DETSELİ MEHMET CEVİZ HOCA

DETSELİ MEHMET CEVİZ HOCA

[email protected]

HİLFUL-FÜDUL CEMİYETİ 

30 Eylül 2025 - 00:00

             Peygamberimiz (s.a.v) daha risalet görevi verilmemiş, henüz 20 yaşlarındaydı. Mekke’de kabileler arasında sürekli çatışma ve savaşlar olurdu. Yüzlerce insan telef olup giderdi. Bu savaşlara verilen ficar sonuncusunda da  bir çok kişi  hayatını kaybetmişti. Bu savaşa  bizzat Hz. Muhammed katılmış, savaş alanında tarafında olan kabile savaşçılarına ok taşımıştır. İleriki tarihlerde kendileri bu ficar harbinden bahsetmiştir. Her an basit bir olay karşısında kabileler çatışmaya  hazır teyakkuz halinde olurdu. Toplumda ki bu karmaşık düzende, Mekke'ye dışarıdan gelen yabancı ve yerli olan masum, sahipsiz insanların can, mal ve namus emniyeti diye bir şey kalmamıştı. İsteyen istediğinin  malını alıyor bir kuruş ödemiyordu. Aciz ve güçsüz olan çevresi olmayan her an zulme maruz kalıyordu .Karşı koyma cesaretini gösteremiyorlardı. Bu vahşi manzaraya bir çare bulunması gerekiyordu. Namus ehli ve haksızlık karşısında vicdanları ızdırap duyanları ve fazilet sahibi insanların halletmesi gereken bu meseleleri düşünmeye sevketti. Bu konular istişare edilirken, bardağı taşıran son damla Yemenli Zebid  kabilesinden bir kimsenin bir deve yükü malının, şehrin ileri  gelenlerinden Aş. b. Vail tarafından gasp edilmese olayı oldu. Zebid’linin  yardım istemek amacıyla çaldığı  her kapı yüzüne kapatılıyor, fayda göremiyordu. Ebu Kubeys  Dağına çıkıp, tepesinden, uğradığı zulmü ve hakareti Mekke halkına yüksek sesle bağırarak yardım istedi. Daha önce bu konuların hallolması için kafa yoranlar, bu nidayı duyar duymaz. İleri gelenleri bir araya toplayan kişi Hz. Muhammed’in amcası Zübeyr oldu.
 
       Haşim, Muttalip, Zühre, Esed, Haris ve Teym oğullarının ileri gelenlerinden bir çoğunun iştiraki ile, zengin itibarlı ve en yaşlı olan Abdullah b. Cud'anın evinde  toplanarak Hilfu’l-Füdul Cemiyetini  kurdular. 
Toplantıda:
1.Mekke’de oturan veya dışından olsun zulme uğramış olmayacak. 
2.Mekke’de zulme asla meydan verilmeyecek. Zalime asla meydan bırakılmayacak. Müsamaha ve fırsat tanınmayacak. 
3.Mazlumlar,zalimlerden haklarını alıncaya kadar, mazlumlarla beraber hareket edilecek. 
Cemiyet üyeleri bu Ahit üzerine yemin ederek imza attılar.
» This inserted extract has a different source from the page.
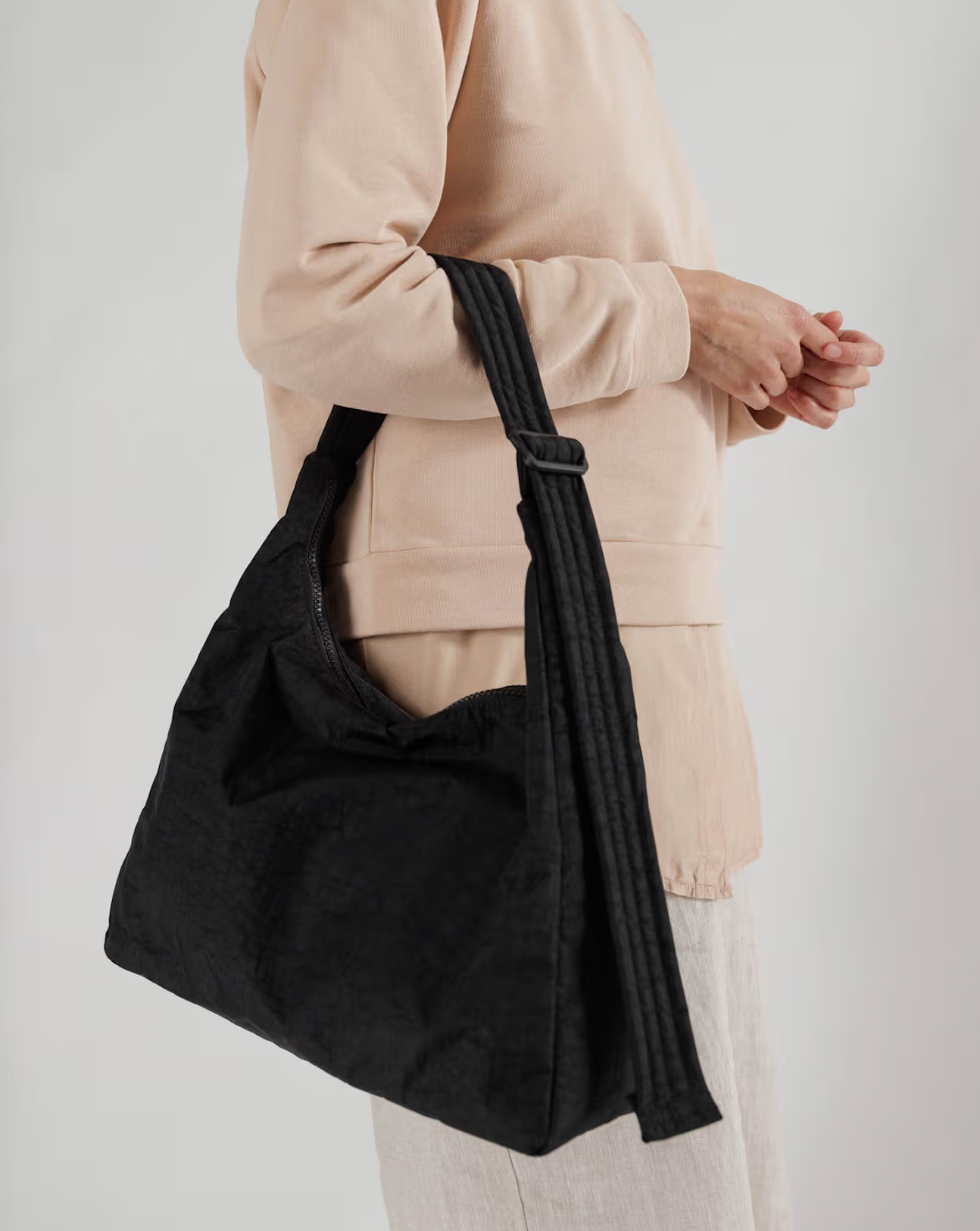 Nylon Schoudertas Black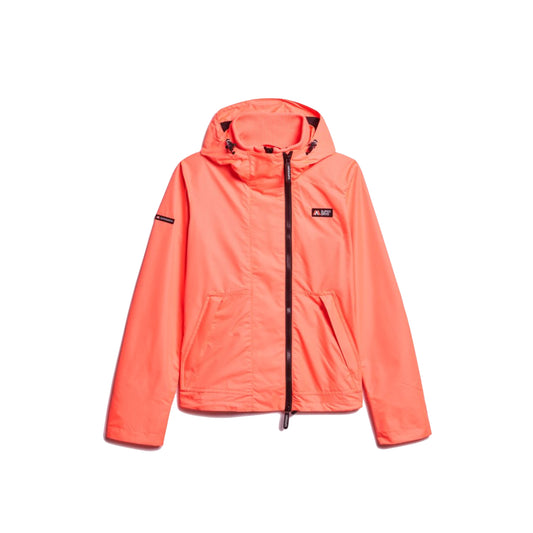 Superdry Hooded Mountain Windbreaker Jacket Patelline Coral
      Hilfu'l Füdul  adını koymaları ise daha önceleri Mekke’de oturan Cürmüm kabilesinden Fazl isminde iki kişi ile Katüra  kabilesinden Fudayl’ın hadisesini “şehirde, zulme ve tecavüze meydan vermemek hususunda yeminde bulunmuşlardı. İsmini bu Fazl isminden yola çıkarak koymuşlardır. Cemiyet,ifa ettiği ilk iş Yemenli Zebid’linin ticaret maksadıyla getirdiği malı gasp  eden As b. Vail den geri alınması olmuştur. Bu ahlaki cemiyet o dönemlerde yazılı olarak kayda geçen anlaşmaların ilklerindendir. 

       Allah Resulü, yaşlılardan oluşan bu cemiyete amcaları ile birlikte genç yaşında üye olmuştur. Çünkü o, “güzel ahlakı tamamlamak” maksadıyla gönderildiği için güzel ahlaka vasıta olan her gayrete kendisi de katılmıştır. Allah Resulüne risalet geldikten sonra bu  cemiyete katılmış olmaktan duyduğu memnuniyeti şu ifadelerle beyan eder. “Abdullah b. Cuda’nın   evinde yapılan yeminleşme' de  bende bulundum. Bence o yemin kırmızı tüylü develere sahip olmaktan daha sevimlidir! Ben ona İslamiyet devrinde bile çağrılsam icabet ederim.”Hz. Peygamberimizin bu sözü günümüz Müslümanları içinde muhteşem bir ölçüdür. Zulme ve haksızlığın her türlüsüne karşı ırk, renk, dil, din ayrımı yapmadan mücadele etmek ve mücadele eden insanlara yardımcı olmak bir insanı görevdir. 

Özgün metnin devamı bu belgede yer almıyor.